Joachim Lang (Universität Köln) pries das Stiftungskonzept denn auch als Versuch, das „deutsche Steuersystem wieder wettbewerbsfähig zu machen“. Niedrigere Steuersätze würden Unternehmen aus dem Ausland anziehen und Investitionen in Deutschland lohnender machen. Die Stiftung schlägt vor, die Körperschaftssteuer, die Bund und Ländern zugute kommt, auf maximal 22 Prozent (heute 25) zu reduzieren und die kommunale Gewerbesteuer grundsätzlich zu verändern. Nur noch maximal 8 Prozent vom Unternehmensgewinn (heute knapp 14 Prozent) sollen an die Städte und Gemeinden fließen. Damit die Kommunen aber nicht bankrott gehen, erhalten sie neben der Grundsteuer einen eigenen Hebesatz für die Einkommensteuer und eine Beteiligung an der Lohnsteuer.
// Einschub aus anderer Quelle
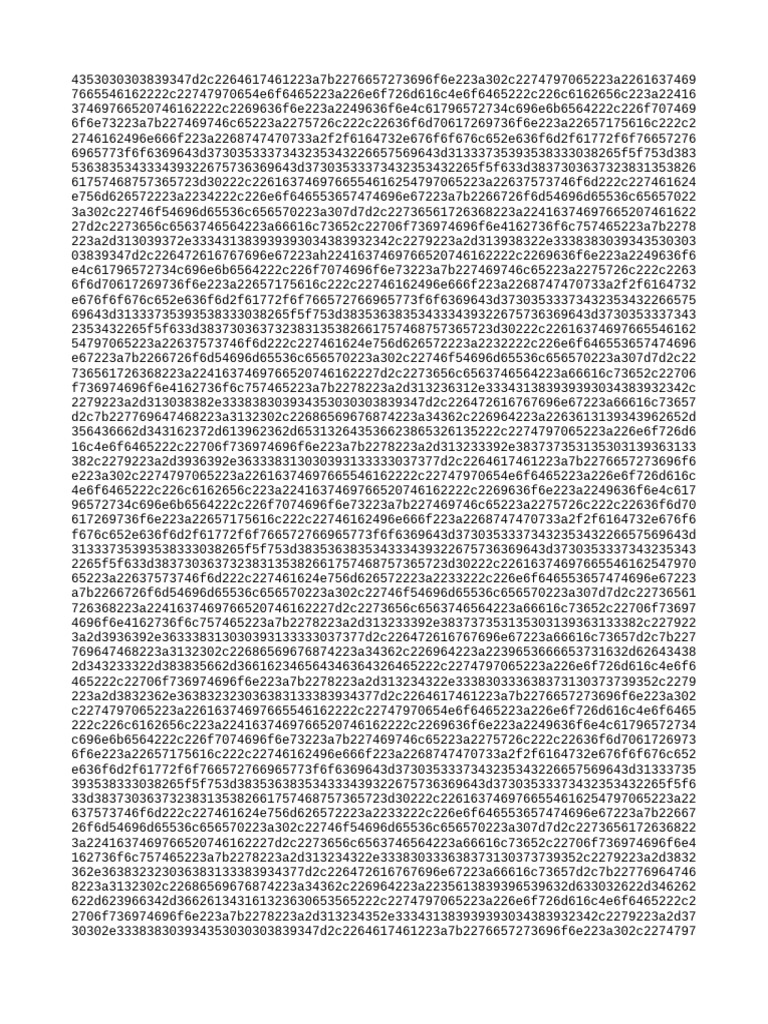 JSON Data Structure Overview | PDF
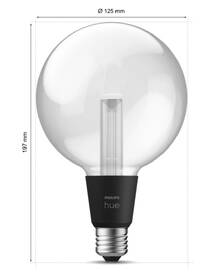 Chytrá žárovka Philips G125, 6,8W, E27, White a Color Ambiance 

 obrázek produktu 3 z 4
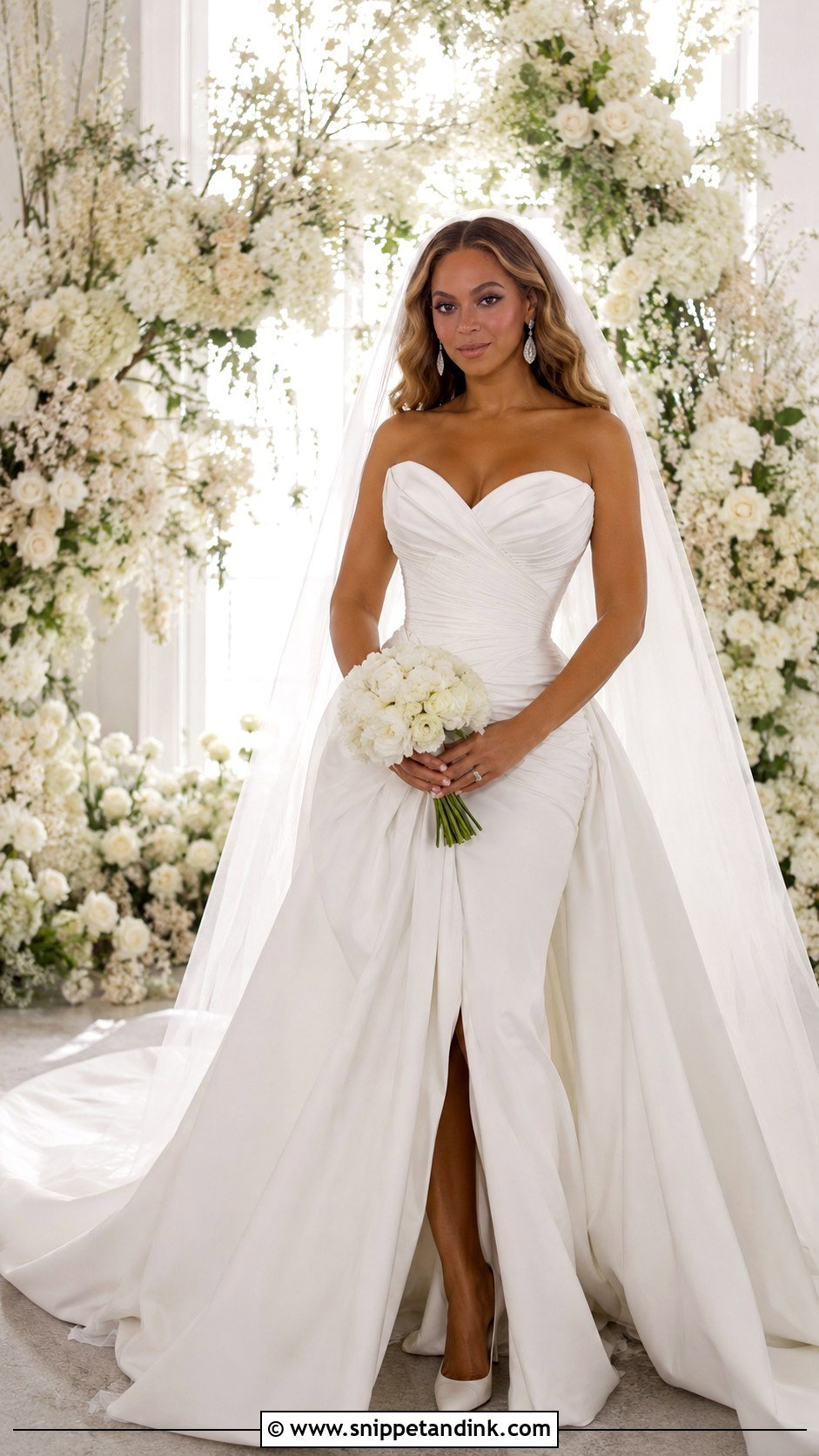 Beyonce Wedding Dress - Snippet and Ink - 30 Celebrity Wedding Dresses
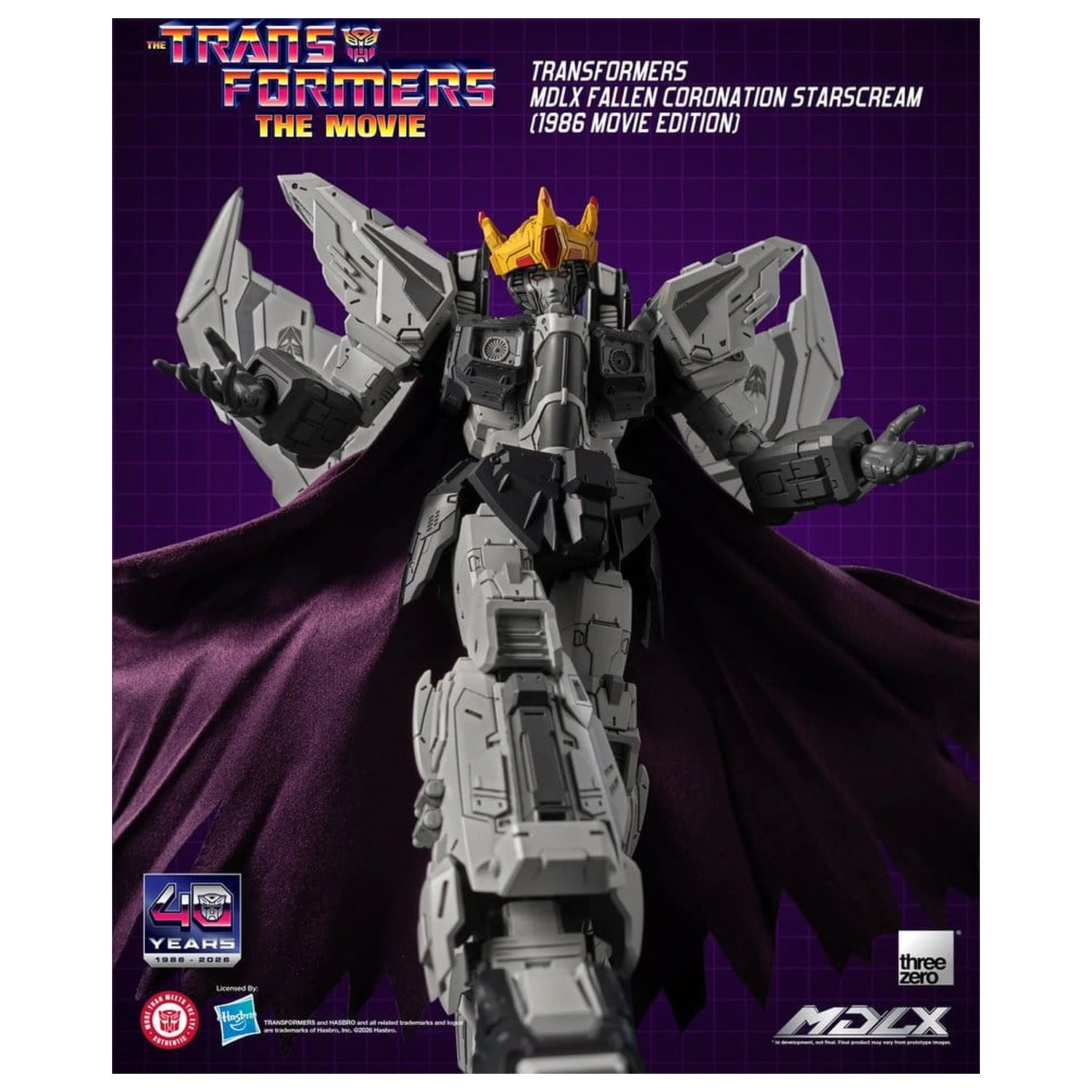 Transformers MDLX akčná figúrka Fallen Coronation Starscream (1986 Movie Edition) 20 cm produktová fotografia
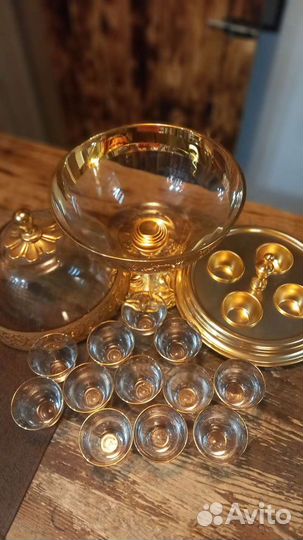 Набор для водки на 12 персон и ваза для фруктов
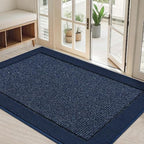 BEQHAUSE Indoor Door Mat 32" x 48", Dirt Trapper Door Mats, Blue by BEQHAUSE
Nach den Berechnungen der Stiftung würden die Kommunen etwa 4,3 Milliarden Euro mehr erhalten als heute, Bund und Länder dagegen rund 14 Milliarden weniger. Unter dem Strich müssten die Unternehmen damit rund etwa zehn Milliarden Euro weniger Steuern an den Staat abführen als unter dem gegenwärtigen Recht. In diesen Genuss kämen teilweise auch große Mittelstandsbetriebe, die heute noch der höheren Einkommensteuer unterliegen. Gleiche Bedingungen für Kapital- und Personengesellschaften herzustellen, ist ein wesentlicher Antrieb für die geplante Steuerreform auch innerhalb der großen Koalition.

Trotz der geringeren Belastung der Unternehmen sieht die Stiftung die „soziale Symmetrie“ auch mit ihrem Modell gewahrt. Denn die niedrigere Steuer solle schließlich nur für die Gewinne gelten, die in den Unternehmen verbleiben und für Investitionen verwendet werden. An die Aktionäre und Eigentümer ausgeschüttete Überschüsse dagegen würden nach wie vor der höheren Einkommensteuer unterliegen.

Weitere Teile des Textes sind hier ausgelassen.